Some points to consider, in no particular order, from someone also working on a healthier AOC (in The World):
- I would very much like it to be fact that the Church of the East survive in IB. I think this might be helped by the known survival of Zoroastrianism in Persia, thus more or less halting Islam in its tracks on the eastern front.
- Please, let's avoid the taint of the appelation "Nestorian" -- I think the native name of this ancient arm of the Church has long been, and is currently, "Church of the East" or "Assyrian Orthodox Church" (AOC), which includes the Church in India and in China.
- How did the Church end up in the Philippines? From China? -- Never mind, I see they come from the islands of SE Asia -- but how did THEY become Christian?
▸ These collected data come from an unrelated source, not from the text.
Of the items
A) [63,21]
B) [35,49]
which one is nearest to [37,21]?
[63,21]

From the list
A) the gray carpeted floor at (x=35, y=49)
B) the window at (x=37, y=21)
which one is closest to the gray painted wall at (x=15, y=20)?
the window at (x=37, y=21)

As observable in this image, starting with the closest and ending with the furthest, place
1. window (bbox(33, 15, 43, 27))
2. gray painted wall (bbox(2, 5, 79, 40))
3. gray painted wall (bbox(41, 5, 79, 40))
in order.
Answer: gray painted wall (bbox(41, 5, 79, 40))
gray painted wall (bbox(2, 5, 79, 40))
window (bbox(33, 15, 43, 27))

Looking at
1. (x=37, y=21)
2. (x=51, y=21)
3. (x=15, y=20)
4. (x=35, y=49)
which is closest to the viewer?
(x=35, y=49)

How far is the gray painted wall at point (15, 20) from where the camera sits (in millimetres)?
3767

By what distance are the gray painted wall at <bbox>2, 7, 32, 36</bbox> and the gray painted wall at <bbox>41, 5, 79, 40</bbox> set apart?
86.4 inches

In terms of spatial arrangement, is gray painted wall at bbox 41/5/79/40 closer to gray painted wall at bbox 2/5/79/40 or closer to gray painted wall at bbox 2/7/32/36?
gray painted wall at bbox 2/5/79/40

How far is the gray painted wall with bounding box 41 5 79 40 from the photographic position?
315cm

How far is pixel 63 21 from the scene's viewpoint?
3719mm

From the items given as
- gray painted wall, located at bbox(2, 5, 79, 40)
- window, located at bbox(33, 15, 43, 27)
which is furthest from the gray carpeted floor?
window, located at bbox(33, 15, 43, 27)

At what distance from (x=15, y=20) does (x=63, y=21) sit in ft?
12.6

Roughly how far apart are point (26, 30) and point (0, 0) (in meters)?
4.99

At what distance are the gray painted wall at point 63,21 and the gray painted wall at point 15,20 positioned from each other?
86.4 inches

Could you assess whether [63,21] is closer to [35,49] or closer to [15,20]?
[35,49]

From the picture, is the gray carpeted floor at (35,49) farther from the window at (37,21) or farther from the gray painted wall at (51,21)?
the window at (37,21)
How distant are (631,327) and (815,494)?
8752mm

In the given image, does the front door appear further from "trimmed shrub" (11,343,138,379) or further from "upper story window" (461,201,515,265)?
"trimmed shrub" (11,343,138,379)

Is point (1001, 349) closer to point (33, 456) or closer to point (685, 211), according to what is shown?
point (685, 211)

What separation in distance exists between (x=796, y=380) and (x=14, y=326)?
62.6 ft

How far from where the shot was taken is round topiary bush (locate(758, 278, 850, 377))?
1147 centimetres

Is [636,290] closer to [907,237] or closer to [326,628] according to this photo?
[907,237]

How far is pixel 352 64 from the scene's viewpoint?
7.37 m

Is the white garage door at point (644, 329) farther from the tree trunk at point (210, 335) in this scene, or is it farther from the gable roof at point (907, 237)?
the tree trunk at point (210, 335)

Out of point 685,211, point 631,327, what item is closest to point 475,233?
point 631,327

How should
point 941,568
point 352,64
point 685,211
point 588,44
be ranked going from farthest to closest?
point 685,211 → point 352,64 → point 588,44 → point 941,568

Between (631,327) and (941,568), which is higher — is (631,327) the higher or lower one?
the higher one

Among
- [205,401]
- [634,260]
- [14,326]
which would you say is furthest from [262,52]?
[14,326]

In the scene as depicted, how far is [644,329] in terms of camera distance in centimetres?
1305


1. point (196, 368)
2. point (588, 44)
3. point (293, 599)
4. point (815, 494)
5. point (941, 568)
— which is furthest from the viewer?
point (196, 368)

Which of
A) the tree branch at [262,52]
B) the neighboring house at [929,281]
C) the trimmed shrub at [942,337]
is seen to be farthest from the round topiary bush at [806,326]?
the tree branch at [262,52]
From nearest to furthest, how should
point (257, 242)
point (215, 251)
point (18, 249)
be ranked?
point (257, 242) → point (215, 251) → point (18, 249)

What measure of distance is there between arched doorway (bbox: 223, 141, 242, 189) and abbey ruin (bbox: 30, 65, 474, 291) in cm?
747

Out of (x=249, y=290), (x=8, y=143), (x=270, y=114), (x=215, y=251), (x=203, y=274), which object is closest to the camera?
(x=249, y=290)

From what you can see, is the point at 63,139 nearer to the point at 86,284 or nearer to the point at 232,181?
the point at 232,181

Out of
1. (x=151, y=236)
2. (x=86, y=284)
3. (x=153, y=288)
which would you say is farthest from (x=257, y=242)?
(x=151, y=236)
- What implications are there for the more than survival but flourishing of the sutras -- the literature -- of the Oriental Church? (See "The Jesus Sutras" for a smattering of what native Chinese Christians produced.) The list is quite impressive, though surviving texts seem to be pretty few...
- Missionary activity of the AOC was active in China by the 6th or 7th century, I think. There were quite a number of monestaries and diocese in China thereafter. Christianity had Imperial favour.
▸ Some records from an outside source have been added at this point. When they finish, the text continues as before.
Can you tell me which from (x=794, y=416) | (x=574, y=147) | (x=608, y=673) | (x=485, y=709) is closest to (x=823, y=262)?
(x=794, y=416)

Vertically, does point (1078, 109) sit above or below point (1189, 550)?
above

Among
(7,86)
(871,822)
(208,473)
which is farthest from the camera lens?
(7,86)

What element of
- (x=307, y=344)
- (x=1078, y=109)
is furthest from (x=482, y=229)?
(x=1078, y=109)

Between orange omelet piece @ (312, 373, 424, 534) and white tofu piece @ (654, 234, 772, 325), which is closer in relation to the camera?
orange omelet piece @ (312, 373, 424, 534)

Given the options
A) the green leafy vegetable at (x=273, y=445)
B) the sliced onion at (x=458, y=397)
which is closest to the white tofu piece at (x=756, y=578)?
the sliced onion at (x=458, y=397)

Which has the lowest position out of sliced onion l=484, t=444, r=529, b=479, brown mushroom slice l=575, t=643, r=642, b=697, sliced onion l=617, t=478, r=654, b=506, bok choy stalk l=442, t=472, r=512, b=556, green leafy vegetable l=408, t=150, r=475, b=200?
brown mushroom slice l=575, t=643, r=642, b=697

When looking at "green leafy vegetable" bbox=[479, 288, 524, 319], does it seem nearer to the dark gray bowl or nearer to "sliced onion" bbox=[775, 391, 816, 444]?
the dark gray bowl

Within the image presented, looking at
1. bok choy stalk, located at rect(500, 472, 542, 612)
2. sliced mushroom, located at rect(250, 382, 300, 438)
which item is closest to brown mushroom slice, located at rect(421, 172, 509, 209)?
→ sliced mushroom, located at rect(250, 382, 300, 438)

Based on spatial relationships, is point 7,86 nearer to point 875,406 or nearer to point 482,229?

- RE: langauge. Even a couple centuries after the introduction of Christianity to China, the Syriac language was relegated to the back burners, being known as the "priests language". Native Christian sutras were written in Chinese (Mandarin, I guess); the Bible was translated into Chinese as well. This is evidenced by the mss, as well as the nativised terminology that shows a deep understanding of Chinese culture.
- RE: Syrian bishops. Even *here*, bishops from the West were uncommon. Many seem to have been native Chinese. You note that Indian (Ch.Syr.C.o.E.) bishops often come from Persia or Iraaq -- I guess China was too far! :)
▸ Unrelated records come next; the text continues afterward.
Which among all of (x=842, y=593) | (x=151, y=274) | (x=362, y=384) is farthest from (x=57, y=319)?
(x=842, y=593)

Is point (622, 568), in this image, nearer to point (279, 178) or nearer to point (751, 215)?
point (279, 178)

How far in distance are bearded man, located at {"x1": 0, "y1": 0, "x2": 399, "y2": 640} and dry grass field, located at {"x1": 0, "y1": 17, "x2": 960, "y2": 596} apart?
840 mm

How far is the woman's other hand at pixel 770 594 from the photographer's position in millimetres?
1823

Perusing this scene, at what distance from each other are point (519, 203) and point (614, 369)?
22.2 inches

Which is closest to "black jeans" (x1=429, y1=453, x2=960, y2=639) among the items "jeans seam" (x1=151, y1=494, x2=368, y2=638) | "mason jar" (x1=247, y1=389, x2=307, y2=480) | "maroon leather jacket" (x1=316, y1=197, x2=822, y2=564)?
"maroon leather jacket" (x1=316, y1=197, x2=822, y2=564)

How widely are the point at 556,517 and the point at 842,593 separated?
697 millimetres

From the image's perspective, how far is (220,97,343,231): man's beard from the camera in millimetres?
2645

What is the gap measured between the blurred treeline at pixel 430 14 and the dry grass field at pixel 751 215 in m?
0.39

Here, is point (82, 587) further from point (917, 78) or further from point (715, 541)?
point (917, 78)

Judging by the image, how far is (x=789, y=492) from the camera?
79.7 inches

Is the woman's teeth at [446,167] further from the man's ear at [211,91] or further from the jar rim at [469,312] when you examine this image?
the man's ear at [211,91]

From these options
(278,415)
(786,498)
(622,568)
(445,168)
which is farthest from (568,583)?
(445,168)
- RE: majaguru -- You're on the right track!! The AOC in China is perhaps almost singular of all Christian churches in integrating native terms and concepts into the greater Christian framework. "Eastern" ideas like karma and reincarnation were integrated: Christ came to liberate man from the cycle of reincarnation through Christian salvation. You're doing well to integrate some native names and concepts. Just be careful you don't make this wonderful creation too eclectic and too much of a "new-agey" hodgepodge!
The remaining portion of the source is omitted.